Découvre une mindmap claire et pédagogique sur “les excuses qu’on se raconte” et apprends à repérer ce qui se cache derrière les phrases comme “pas le temps”, “pas prêt”, “pas assez bon” ou “quand j’aurai…”. Chaque branche explique simplement pourquoi ces excuses apparaissent, comment les reconnaître, et surtout comment les transformer en décisions concrètes et en petites actions réalistes. Idéale pour lutter contre la procrastination, retrouver de l’élan et avancer sans pression, cette carte mentale te guide pas à pas avec des exemples accessibles et des alternatives prêtes à utiliser.

Par Cyril
Publie : 08 janv. 2026

Apercu du plan

Version textuelle indexable de la carte mentale.

  • Note

    On se raconte des excuses quand on veut éviter une action… tout en se donnant une “bonne raison”.

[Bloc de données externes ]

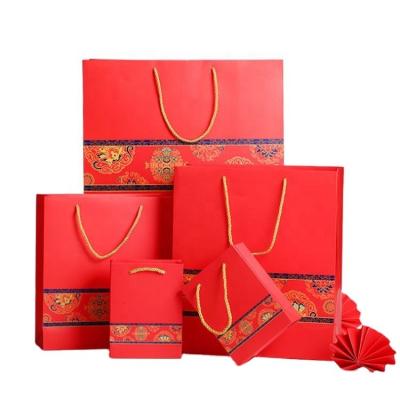 China Durable Paper Bag Manufacturers Custom Wholesale Gift Packaging Shopping Bags With Your Own Logo for sale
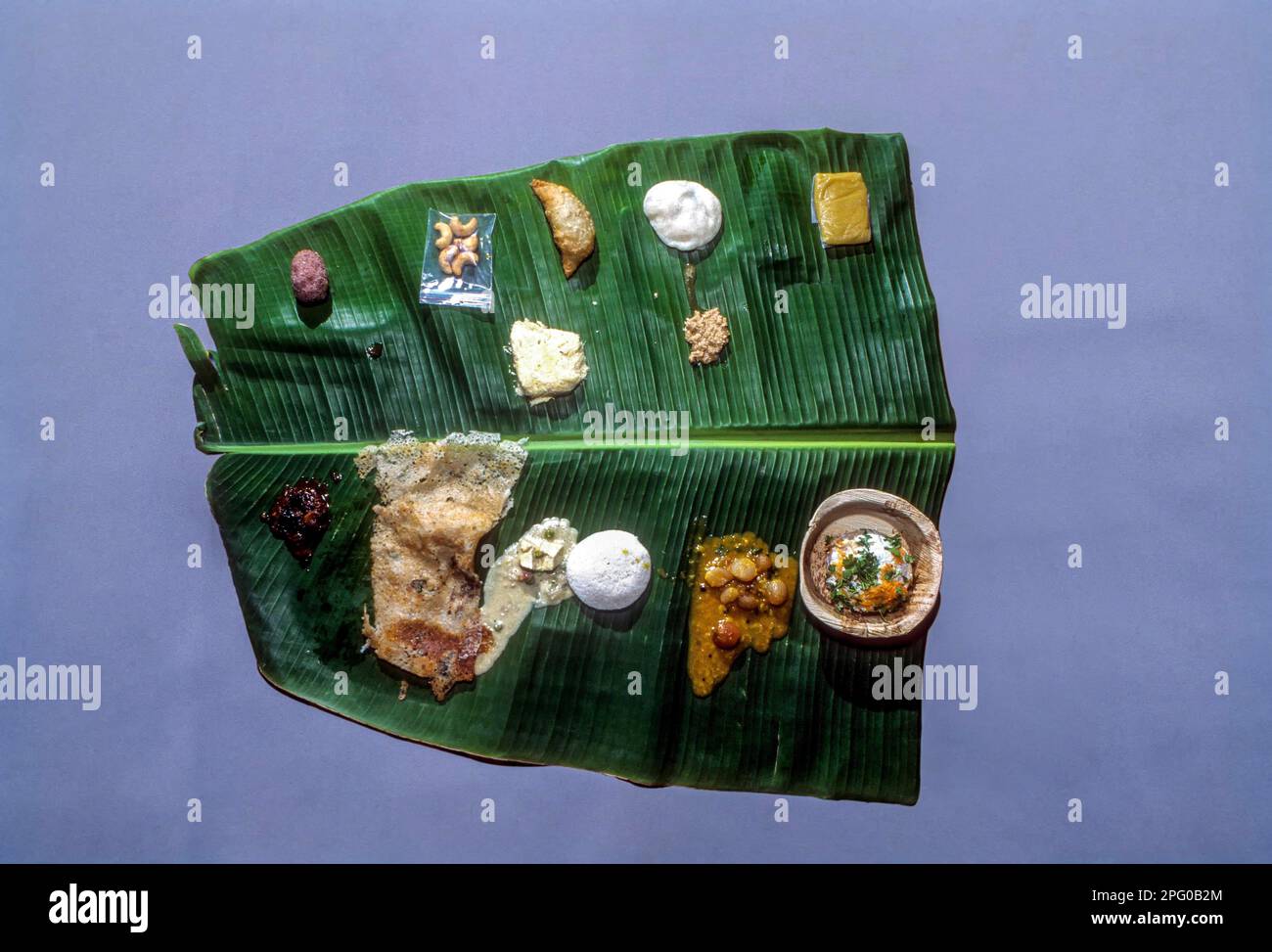 Cutout, Wedding vegetarian lunch on a banana leaf, Nattukottai Chettiar Nagarathar, Chettinad, Tamil Nadu, South India, India, Asia Stock Photo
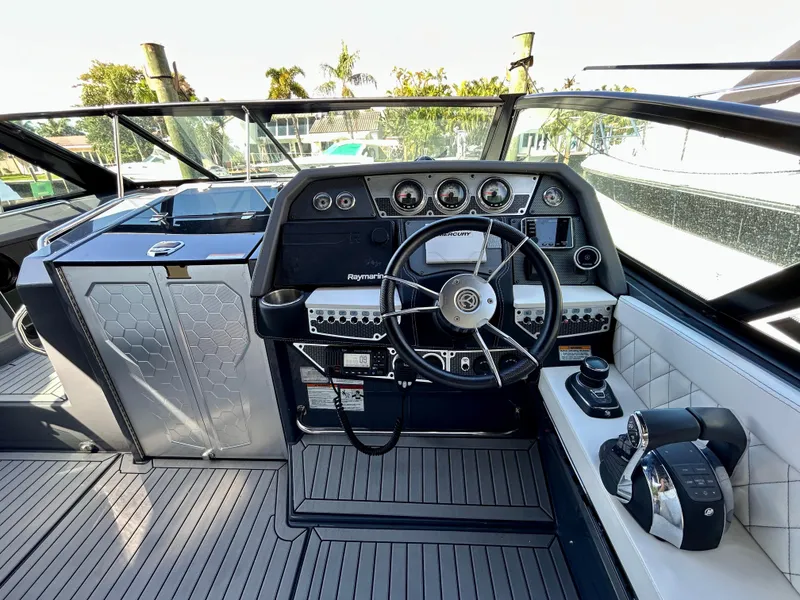 Slide: The Image of 2021 Cruisers Yachts 338 South Beach Edition Bow Rider helm with modern controls and sleek design. - 21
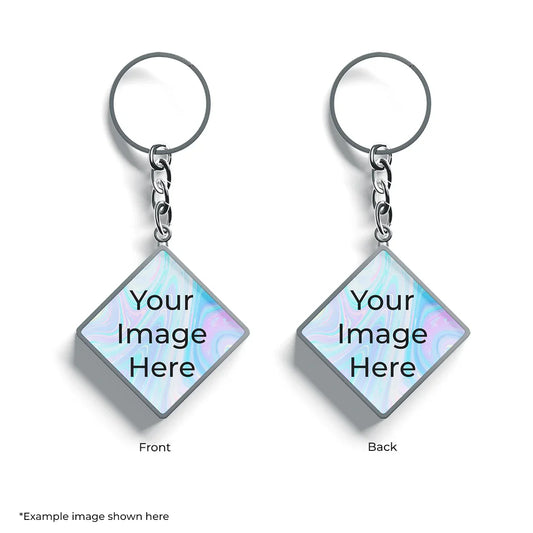 Customizable metal keychain with double-sided diamond-shaped photo area, chain and ring.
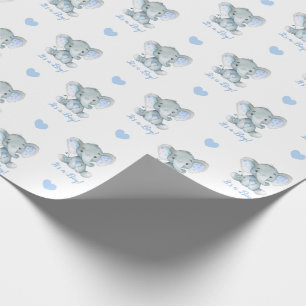 Elefant som slår in papper (personifierade blått presentpapper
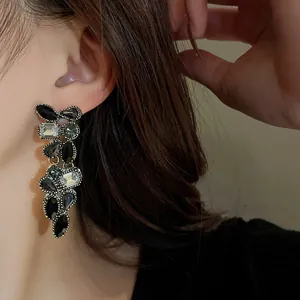 Gros plan de boucles d'oreilles vintage à aiguille d'argent avec strass gouttes noires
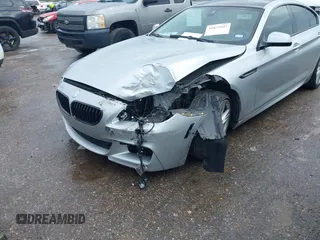 2015 BMW 6 Series 640i z VIN WBA6A0C51FD318982, wystawiony jako IAAI lot #41875547 z przebiegiem 60 968 mil mil oraz . Historia ofert i sprzedaży dostępna na DreamBid. Obrazek 21.
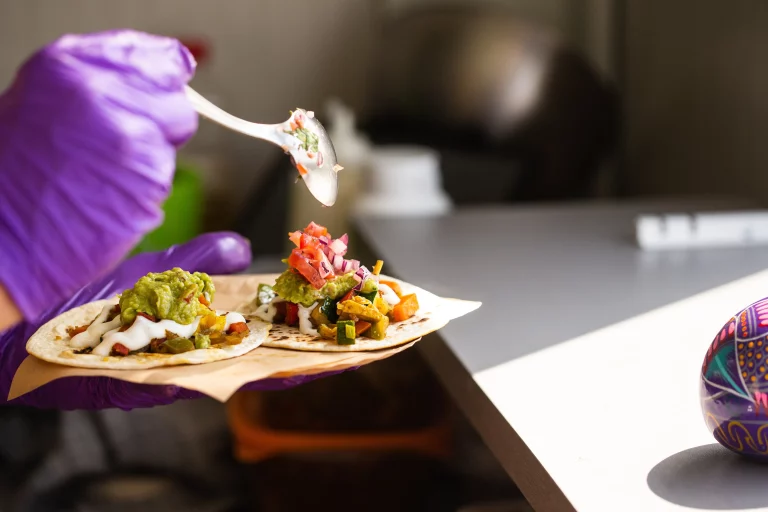 A food vendor prepares two tacos by adding salsa.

    Cette mindmap t’aide à :

    • repérer la phrase exacte que ton cerveau utilise,
    • comprendre ce qu’elle protège (peur, fatigue, besoin de contrôle),
    • la remplacer par une alternative simple et concrète.

    Règle d’or :

    • Une raison décrit un obstacle précis et ouvre une solution.
    • Une excuse ferme la porte et renvoie à plus tard.
    • Note

      Quand le temps devient un paravent. Ici, on transforme « pas le temps » en décisions claires et petites actions.

      • Note

        Dire « pas le temps » décrit rarement l’horloge. Ça décrit un choix (même inconscient) : tu mets autre chose avant.

        Ça peut cacher :

        • Priorité : autre chose passe avant, même si tu n’oses pas le dire.
        • Énergie : tu es vidé·e, donc chaque tâche paraît énorme.
        • Évitement : tu redoutes une émotion (peur d’échouer, d’être jugé·e, de décevoir).
        • Flou : tu ne sais pas par où commencer, alors tu repousses.
      • Note

        Quelques variantes très courantes :

        • « Je suis débordé·e »
        • « Je m’y mets dès que j’ai une minute »
        • « Cette semaine, c’est impossible »
        • « Je suis trop fatigué·e pour ça »

        Astuce : note la phrase exacte que tu dis. C’est souvent elle qui déclenche le report.

      • Note

        Pour savoir si c’est un vrai manque de temps ou une excuse, réponds :

        1. Si c’était vital, est-ce que je trouverais 15 minutes aujourd’hui ?
        2. Qu’est-ce que je fais à la place (scroll, séries, petites tâches “faciles”) ?
        3. Quel est le tout premier geste qui ferait avancer, même minuscule ?

        Si tu trouves une réponse à (1) ou (3), le problème n’est pas “le temps”, c’est la forme de l’action.

      • Note

        Remplace la phrase vague par une phrase honnête et utile :

        • Au lieu de « Je n’ai pas le temps » → « Ce n’est pas ma priorité aujourd’hui. » Puis ajoute une sortie :
        • « Je peux y consacrer 10 minutes maintenant. » ou
        • « Je le planifie jeudi à 18h. »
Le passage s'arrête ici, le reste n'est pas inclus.